Rien ne semblerait donc plus naturel que de lire demain votre lettre à l’academie, pour vous feciliter [sic] d’un pareil accord. c’etait là ma premiere pensée. mais j’ai cru mieux faire, de la communiquer confidentiellement à deux de mes confreres seulement, pour m’appuyer au besoin de leur temoignage, additionnellement à la date ainsi qu’au timbre de la lettre; et [illegible deletion] de remettre la Communication publique jusquà lundi prochain 1er fevrier, ou je pourrai avoir reçu[illegible deletion] une réponse de vous à ce que je vais vous dire.
Mr Daguerre a fait annoncer par Mr Arago qu’il etait parvenu à obtenir des images, dans la chambre obscure, par une exposition excessivement courte, (qu’il dit etre d’une seconde), à la radiation emanée des objets. il n’a donné aucune indication quelconque de son procedé, qu’il a seulement communiqué en secret à Mr Arago, sans lui montrer d’ailleurs aucun produit ainsi réalisé. On presse ici, Mr Daguerre, dans les journaux, d’expliquer publiquement son procédé. je ne sais s’il cédera, et s’il sera en mesure de céder à ces sommations, n’ayant depuis longtems aucun rapport personnel avec lui. mais s’il réalise [illegible deletion] effectivement ce qu’il annonce, je suis convaincu que ce sera par la continuation de l’impressionnabilité rendue efficace, soit au moyen de [illegible deletion] radiations dune nature spéciale, comme le fait Mr E. Becquerel, soit par l’action d’un reactif chimique comme vous l’avez fait.

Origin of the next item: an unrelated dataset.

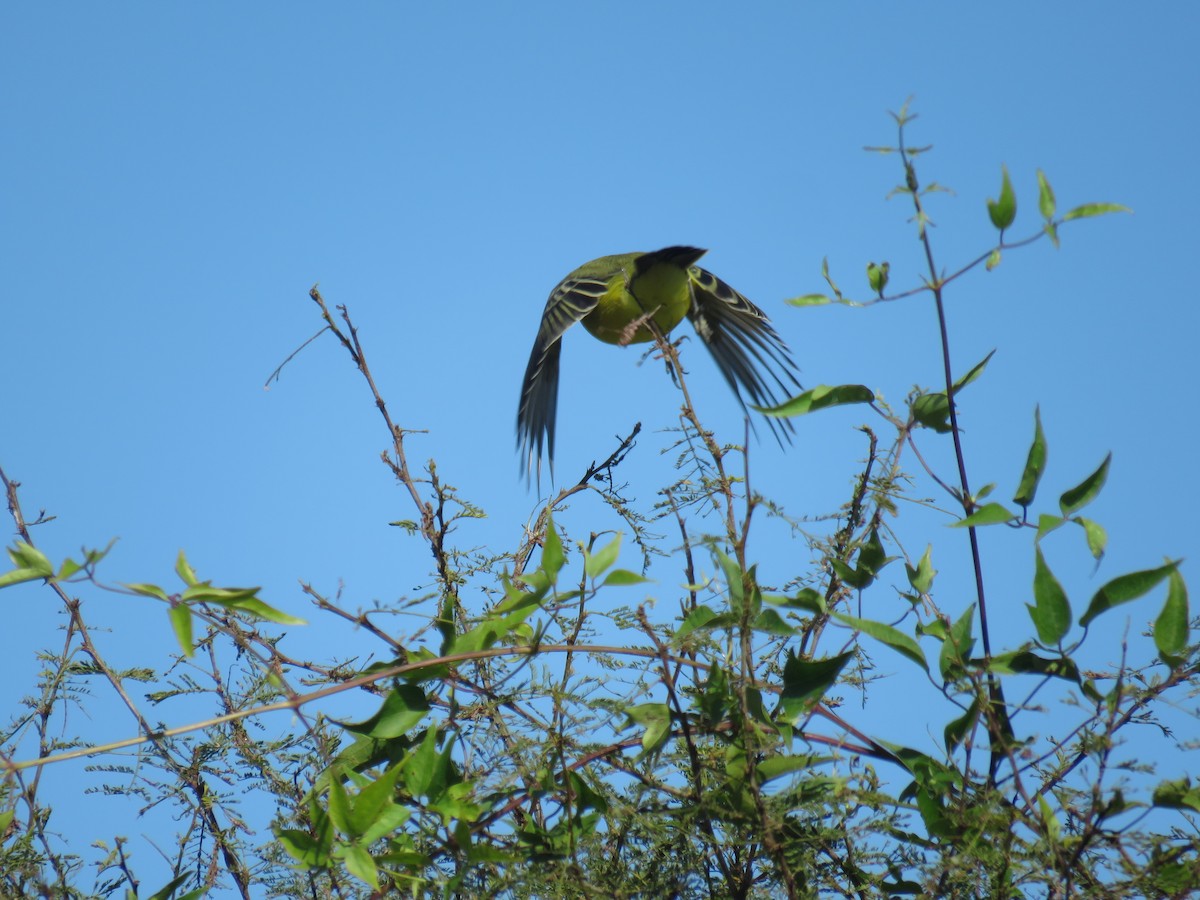 Yellow-browed Tyrant - ML620672738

Or, s’il arrivait qu’il se déclarat avant Vous, la découverte lui appartiendra scientifiquement, puisqu’on doit toujours l’attribuer au premier qui publie, quand toute idée de communication et de plagiat est impossible. il vous restera, sans doute, la conscience morale de l’avoir faite aussi, et aux yeux des savans qui connaissent Votre caractere personnel, vous en serez aussi un inventeur. mais aux yeux du public Vous ne pouvez prétendre qu’au titre de second inventeur, puisque vous arriverez postérieurement; et cela n’est pas injuste, puisque des personnes mêmes qui ne possederaient qu’imparfaitement un procédé, ou qui ne l’auraient même pas encore, pourraient toujours l’annoncer, en se réserverant le droit de le publier plus tard.

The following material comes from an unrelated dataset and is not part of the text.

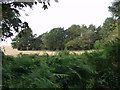 Corner of the woodland on Ruyton Moss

C’est pourquoi je Vous supplie, dans votre interêt, comme dans celui des Sciences, de ne pas exposer, par le desir d’une perfection de détails, l’honneur légitime qui doit vous revenir d’une amélioration si importante de vos premiers procedés. Vous serez toujours à même d’y ajouter plus tard, après que vous vous en serez assuré la possession incontestable et publique; tandis que vous ne gagnerez rien à attendre, et vous en serez seulement dans l’obligation de reclamer la simultaneite de travaux. Si vous approuvez ces réfléxions, je puis recevoir de vous dici au lundi 1er fevrier une reponse decisive. qu’elle contienne seulement la nature de votre procédé, avec quelques details pareils à ceux que renferme votre derniere lettre; et une priorité incontestable vous est assurée. Vous ne serez pas surpris, je l’espere, de me voir insister [illegible deletion], sur ce point auprès de vous. j’en dirais autant à Mr Daguerre, si j’etais avec lui dans les mêmes relations. et, quant à l’amour propre de nationalité, je le trouve si petit, et si mesquin, lorsqu’on le mêle au progrès des découvertes scientifiques, que je le mets ici tout à fait en dehors. je souhaite de tout mon cœur, vous persuader, et je me tiendrai tres heureux si je puis y parvenir.

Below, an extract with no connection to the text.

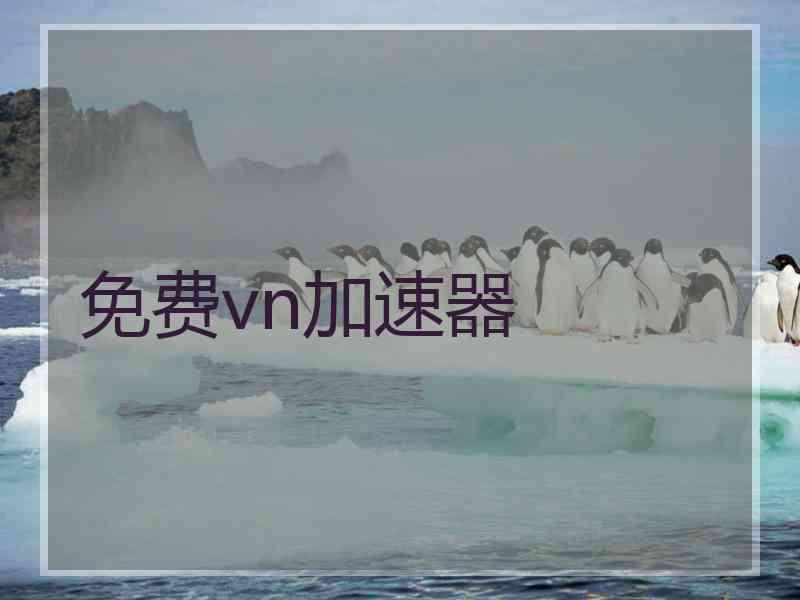 免费vn加速器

Agreer je vous prie l’expression de toute ma consideration
J. B. Biot
A Monsieur
Monsieur H. F. Talbot, membre de la
Societé Royale de Londres &c &c
Lacock Abbey, chippenham Wilts
England
Translation:
Paris
24 January 1841
Dear Sir,
Your last letter, of the 17th instant, interested me even more than you could imagine, since you could not have heard about the report I made to the Academy on the experiments of Mr Edmond Becquerell in the name of a commission of which Messrs Arago and Savary were members alongside myself. This report is printed in the compte rendu of the meeting of the 11th instant. If you have the time and the opportunity to read it, you will see that, for the forms of all the theoretical principles, there is a remarkable coincidence with your views, and your new findings. I can scarcely find any differences to point out in it that I would consider more apparent than [illegible deletion];and which seem to me only to exist in the way they are expressed. it is relative to that of your first experiments which you will recall.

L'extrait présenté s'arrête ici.